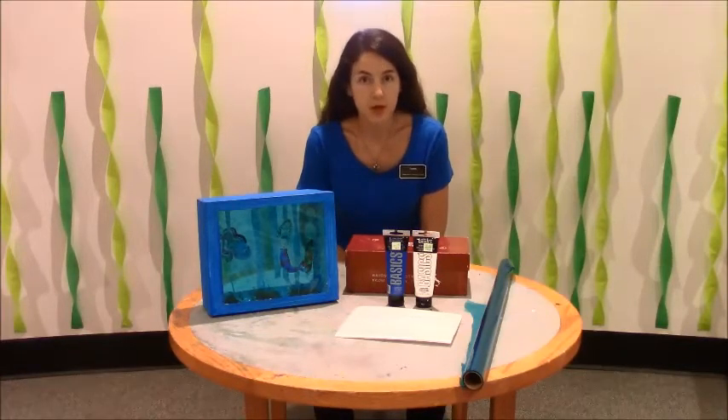I'm Catherine of the Germantown Community Library and today I'm going to show you how to make your own aquarium that you never have to clean. This project will take about 10 to 20 minutes depending on how involved you want to get, and the materials can be found in your home or at any art store, Hobby Lobby, Michaels, or the Art Center on Union.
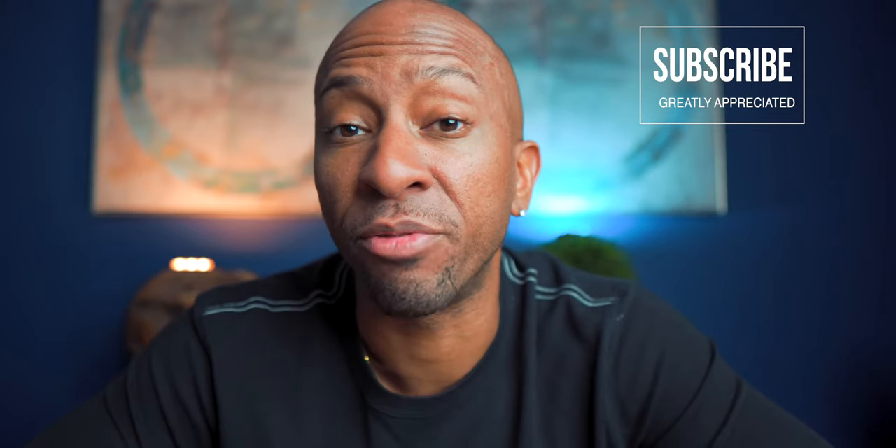If you're new here, please go ahead and consider hitting the subscribe button. I'd greatly appreciate it. I talk a lot about run and gun videography here, so I don't think you'd be disappointed and it would help out the channel a lot.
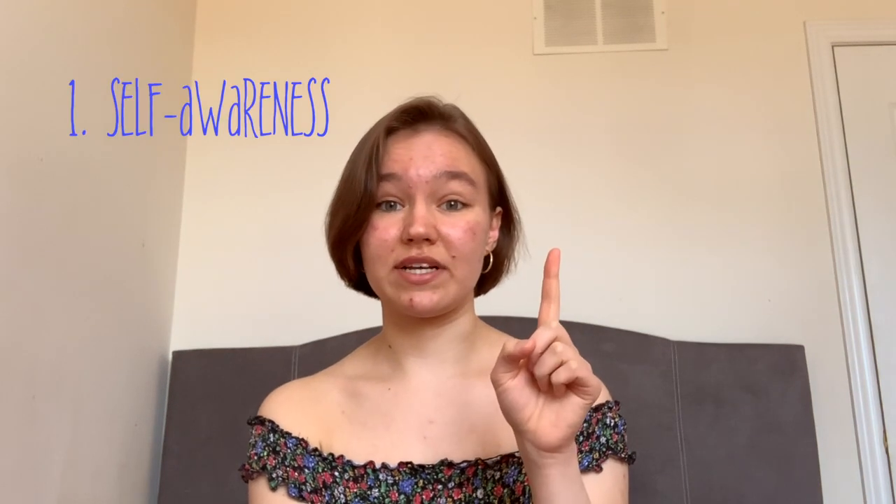Hey guys, it's Maria. This video is going to be a little more relatable to my fellow musicians out there who are struggling to record their juries or recital submissions for the end of the school year. The deadline is quickly approaching and you don't have any recording equipment — what are you gonna do? From personal experience, recordings are a pain in the butt. Here's what I do when I have to record a piece and I'm running out of time. This process is divided into three main stages: the first step is self-awareness, the second step is comparison, and the third step is production.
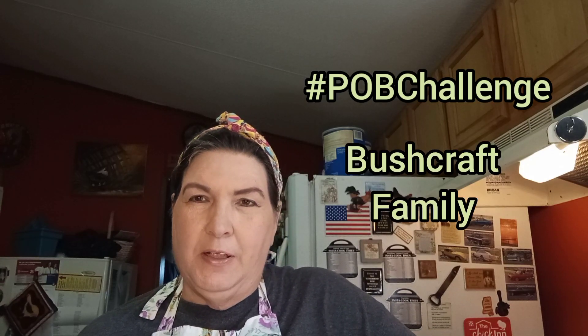This would be a good prepping-on-a-budget type meal. It's also a pantry filler. I wanted to let you know that there is a hashtag PLB challenge put on by Bushcraft Family out there, so they might want to add this to their playlist. I'm going to plug them because I really like this idea.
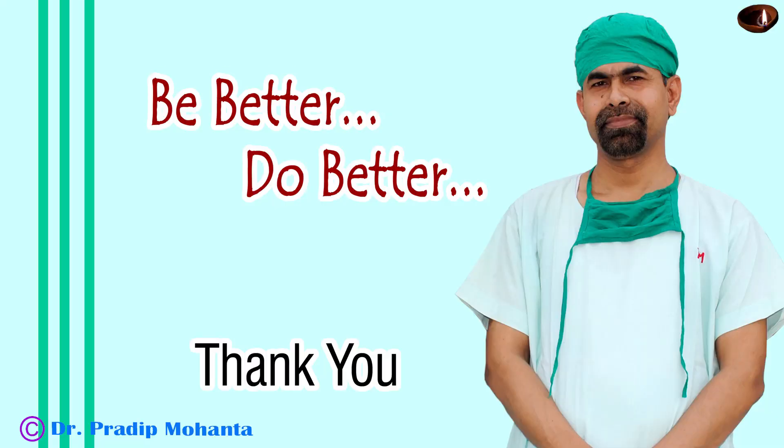Thank you very much for your attention. I hope this video will encourage you to manage soft cataracts in this way. This is a very safe technique — just tilt the nucleus and start eating up the nucleus from above.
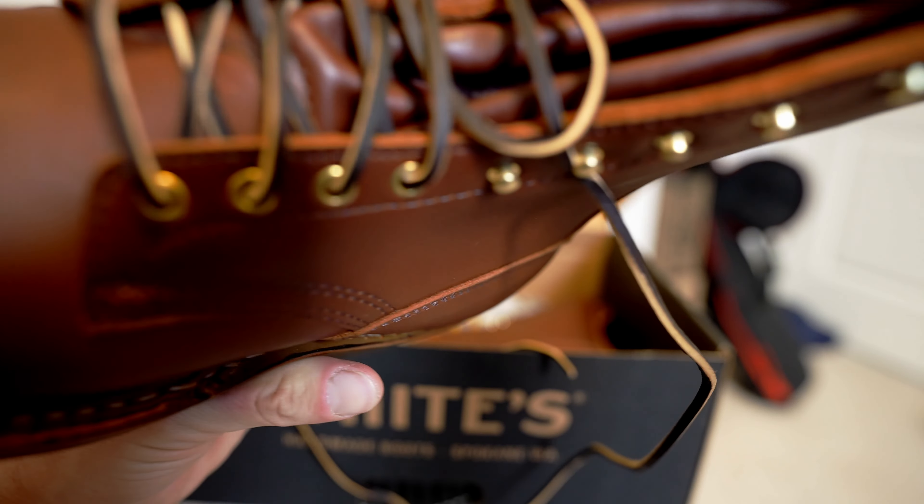I want to take a look at the arch — the last is the biggest thing. I've had a number of 55 lasts and I haven't used this boot much yet, but I already know I really like this last and I think I like it more than the 55. It has maybe a slightly steeper arch than the 55 — it's slight, negligible. But you can see it slips down a lot more and curves up more.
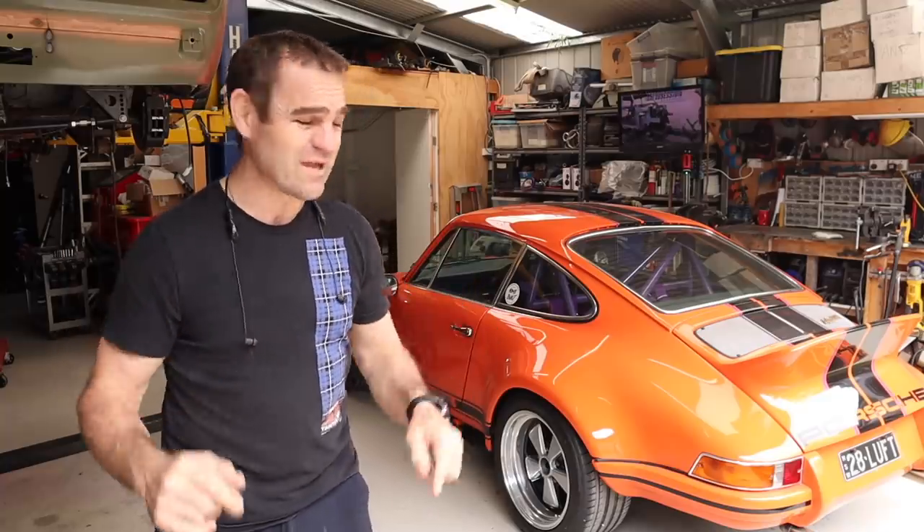Hey guys, welcome back to Home Built. I know I've been saying it for the last few weeks, but I'm really hoping this week we can finish up the dash on Harry.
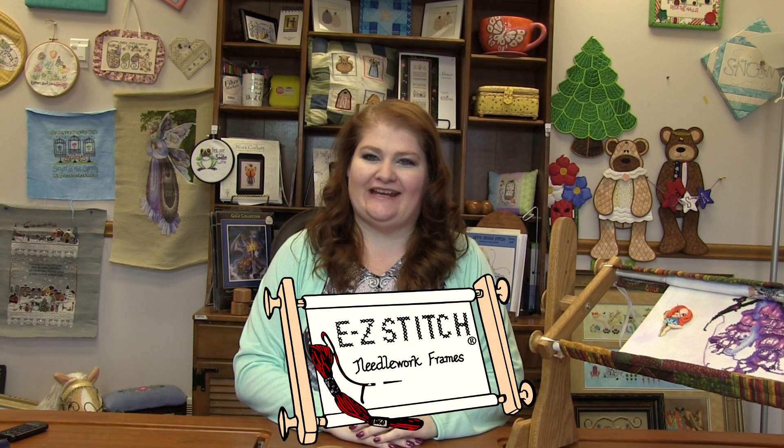Hi everyone, it's Dawn at Witherbroody.com. Welcome to this Easy Stitch product demo.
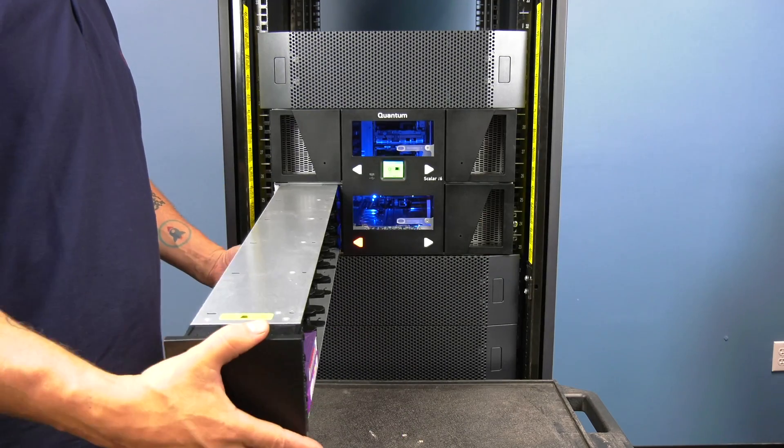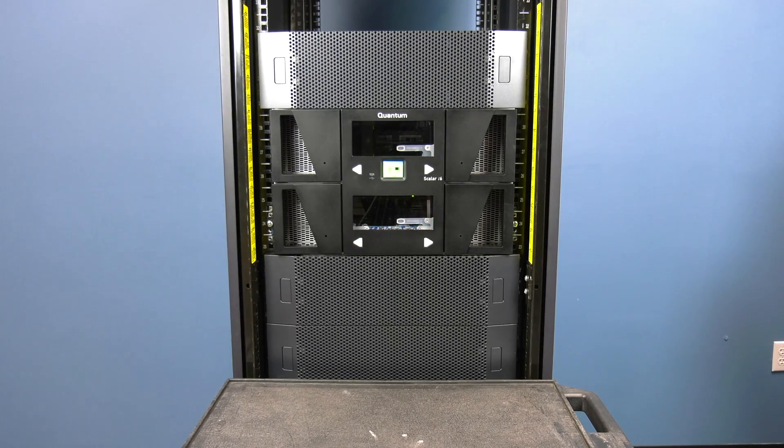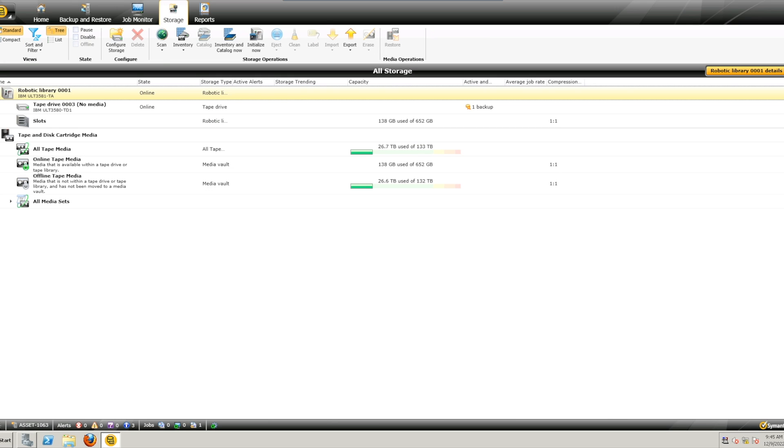You can then remove the magazine, transfer the tapes to the replacement magazine, and insert it. Once the replacement magazine is inserted, the robot will inventory and then come to a ready state. It is recommended you perform an inventory from your backup software to ensure that the inventory between the library and software is synced before doing any further backup jobs.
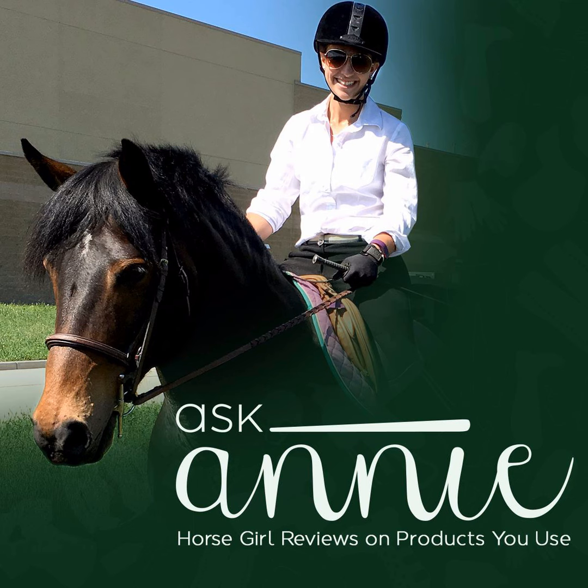For more information on Bates Saddles, please visit BatesSaddles.com. Thanks for tuning in. Learn more about the Ask Annie podcast by following us on Facebook and Instagram at Ask Annie Podcast. Have a suggestion for a product you'd like me to review in an upcoming episode? Email me at AskAnniePodcast@gmail.com or leave a comment on any of our social media pages. Find even more Ask Annie episodes on SoundCloud, iTunes, and Stitcher. The Ask Annie Podcast is a production of the Equine Podcast Network, an entity of Active Interest Media and the Equine Network.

# Assignment
Leaving out every picture, repeat exactly the lines of the records from the start through the line that has "If you're new".

# Task response
I'm Catherine of the Germantown Community Library and today I'm going to show you how to make your own aquarium that you never have to clean. This project will take about 10 to 20 minutes depending on how involved you want to get, and the materials can be found in your home or at any art store, Hobby Lobby, Michaels, or the Art Center on Union.
If you're new here, please go ahead and consider hitting the subscribe button. I'd greatly appreciate it. I talk a lot about run and gun videography here, so I don't think you'd be disappointed and it would help out the channel a lot.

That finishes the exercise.